In my service, I have an enum that I want to associate a schema per enumeration:

import javax.xml.transform.stream.StreamSource
import javax.xml.validation.Schema
import org.xml.sax.SAXException

enum class XmlSchemaDefinition(
    path: String,
) {
    A("Schemas/A.xsd"),
    B("Schemas/B.xsd"),
    ;

    @Throws(SAXException::class)
    fun validate(xml: String) = schema
        .newValidator()
        .validate(StreamSource(xml.byteInputStream()))
}

As you can see, my objective/attempt here is to load the schema once, and for each validation call, a new validator is created (as it's not thread-safe).

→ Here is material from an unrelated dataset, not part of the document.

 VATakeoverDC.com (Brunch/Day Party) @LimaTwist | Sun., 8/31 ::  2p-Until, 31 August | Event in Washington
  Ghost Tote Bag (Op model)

However, whenever I try to load my schema via:

private val schema: Schema = run {
    val zipResourceUri: URI = Thread.currentThread()
        .contextClassLoader
        .getResource("xsd.zip")
        ?.toURI()
        ?: error("ZIP resource not found on classpath: xsd.zip")

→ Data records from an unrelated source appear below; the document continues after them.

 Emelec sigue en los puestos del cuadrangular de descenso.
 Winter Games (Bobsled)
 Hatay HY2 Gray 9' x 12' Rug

    val zipFile = ZipFile(Paths.get(zipResourceUri).toFile())

    SchemaFactory
        .newInstance(W3C_XML_SCHEMA_NS_URI)
        // Load the schema from the ZIP entry's input stream
        .newSchema(StreamSource(zipFile.getInputStream(zipFile.getEntry(path))))
}

I get:

Caused by: org.xml.sax.SAXParseException; lineNumber: 307; columnNumber: 34; src-resolve: Cannot resolve the name 'XXX:XXXXX' to a(n) 'element declaration' component.

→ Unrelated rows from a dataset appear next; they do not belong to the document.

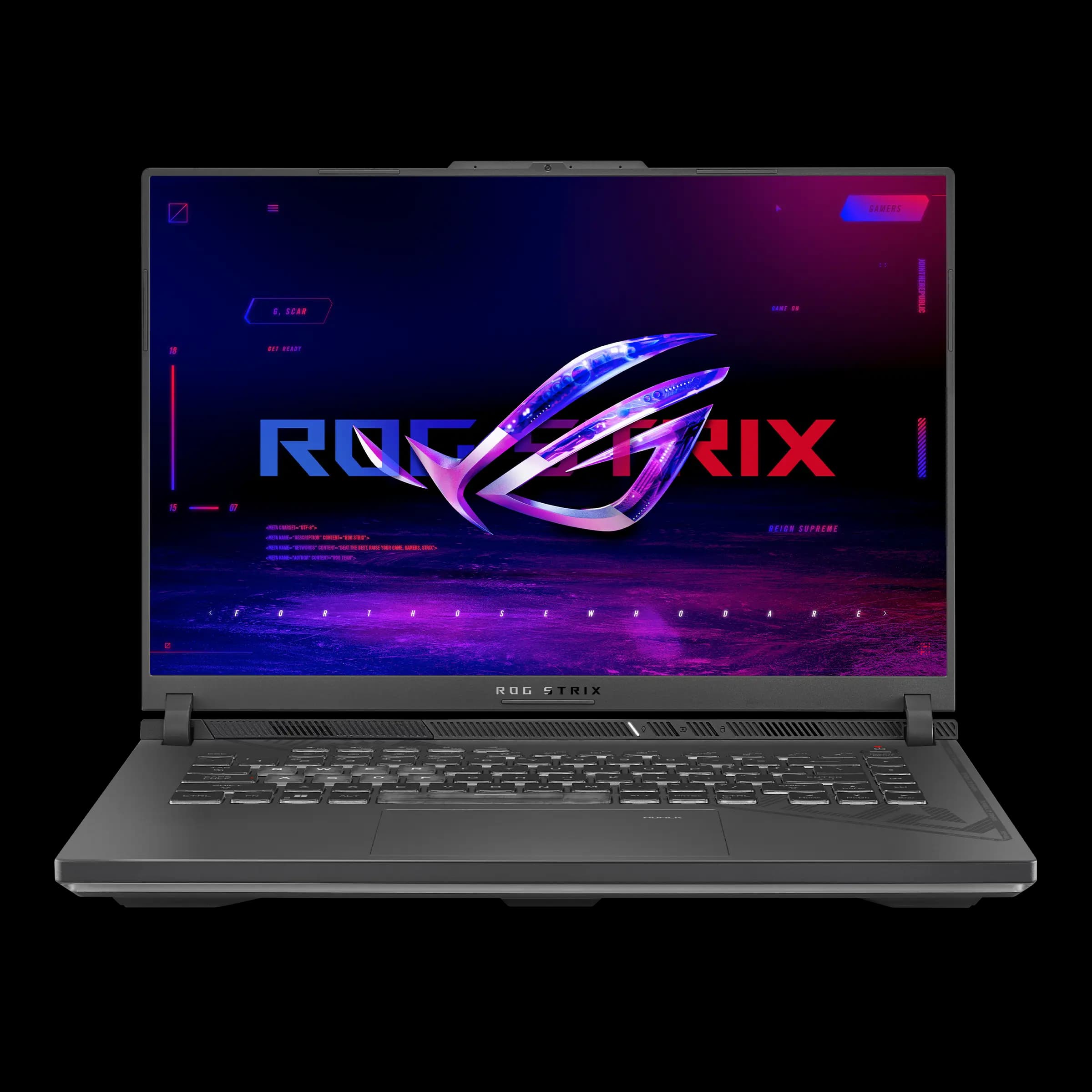 ASUS ROG Strix G16 2023 (13th Gen Intel Core i7‑13650HX | RTX 4060 Graphics) – Eclipse Gray, 1TB, 16GB, 2 Year international warranty and 1 Year Perfect warranty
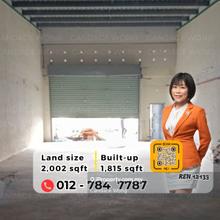 Nilai 3 -  Facing Main Road - 3-Phase Power - 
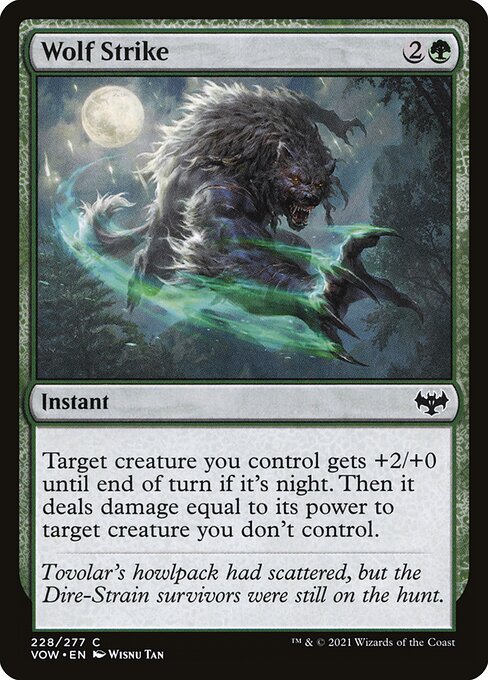 VOW: Wolf Strike (Foil)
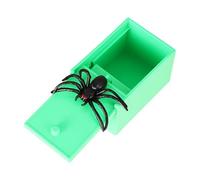 Spider Prank Box -Surprise Jumping Spiders Boxes Gag | Funny Spider Box Toy | Wooden Slide Boxs Fake Spyders | Smooth Mechanism For Fun, Christmas Laughs, Parties Practical Jokers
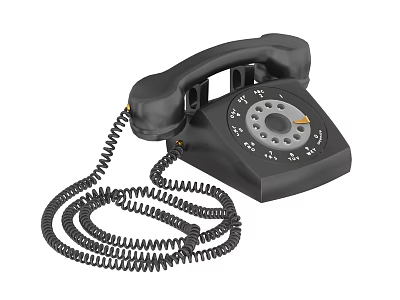 Retro Phone Dial Phone Old Phone Old Phone Old Phone 3d model Retro Phone Dial Phone Old Phone Old Phone Old Phone 3d model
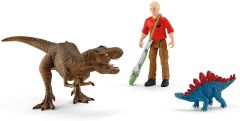 Figurine SCHLEICH - Attaque Tyrannosaure Rex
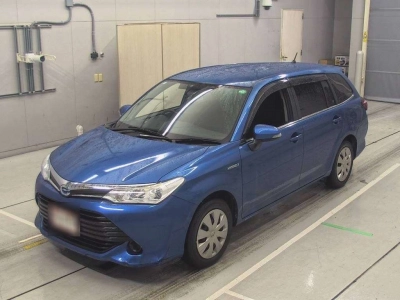 TOYOTA COROLLA FIELDER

Which after further investigation it turns out it's unable to resolve xsd:import directives that is required by the element 'XXX:XXXXX'. How can I load my XSD from a ZIP in a lazy manner whilst still accommodating for relative xsd:import directives, in Kotlin?


Solution

  • Solution

    import java.net.URI
    import javax.xml.XMLConstants.W3C_XML_SCHEMA_NS_URI
    import javax.xml.transform.stream.StreamSource
    import javax.xml.validation.Schema
    import javax.xml.validation.SchemaFactory
    import org.apache.logging.log4j.LogManager
    import org.apache.logging.log4j.core.Logger
    import org.xml.sax.SAXException
    
    enum class XmlSchemaDefinition(
        path: String,
    ) {
        A("Schemas/A.xsd"),
        B("Schemas/B.xsd"),
        ;
    
        private val schema: Schema by lazy {
            SchemaFactory
                .newInstance(W3C_XML_SCHEMA_NS_URI)
                .apply { LOGGER.debug("Creating new schema for: {}", path) }
                .newSchema(URI("jar:$ZIP_RESOURCE_URI!/$path").toURL())
                .apply { LOGGER.debug("Loaded XSD schema from ZIP, hashcode: {}", this.hashCode()) }
        }
    
        @Throws(SAXException::class)
        fun validate(xml: String) = schema
            .newValidator()
            .validate(StreamSource(xml.byteInputStream()))
    
        companion object {
            private const val XSD_ZIP_PATH: String = "xsd.zip"
    
            private val LOGGER = LogManager
                .getLogger(XmlSchemaDefinition::class.java) as Logger
    
            private val ZIP_RESOURCE_URI = Thread
                .currentThread().contextClassLoader
                .getResource(XSD_ZIP_PATH)
                ?: error("ZIP resource not found on classpath: $XSD_ZIP_PATH")
        }
    }
    

    Explanation

    Bulk of the issue comes from using StreamSource as you will lose context by using a byte stream, which can be problematic when your schema has directives (e.g. xsd:import) pointing to other schema files. One potential solution is loading the schema via an actual URL.

    On top of that, we can use Kotlin's lazy() delegate which remembers* the result after the first execution. (* It's worth noting that if the initialization of a lazy value throws an exception, it will attempt to reinitialize the value at next access.)

    For convenience, here are some recipes for zipping your test files:

    zip-xsd-files-in-test-resources:
        @echo "Zipping XSD files in test resources"
        @cd app/src/test/resources/xsd && zip -r ../xsd.zip .
    
    unzip-xsd-files-in-test-resources:
        @echo "Unzipping XSD files in test resources"
        @cd app/src/test/resources && unzip -o xsd.zip -d xsd
    
    If you're wondering how is the jar: scheme is able to load the ZIP file:

    JAR file is a file format based on the popular ZIP file format and is used for aggregating many files into one. A JAR file is essentially a zip file that contains an optional META-INF directory.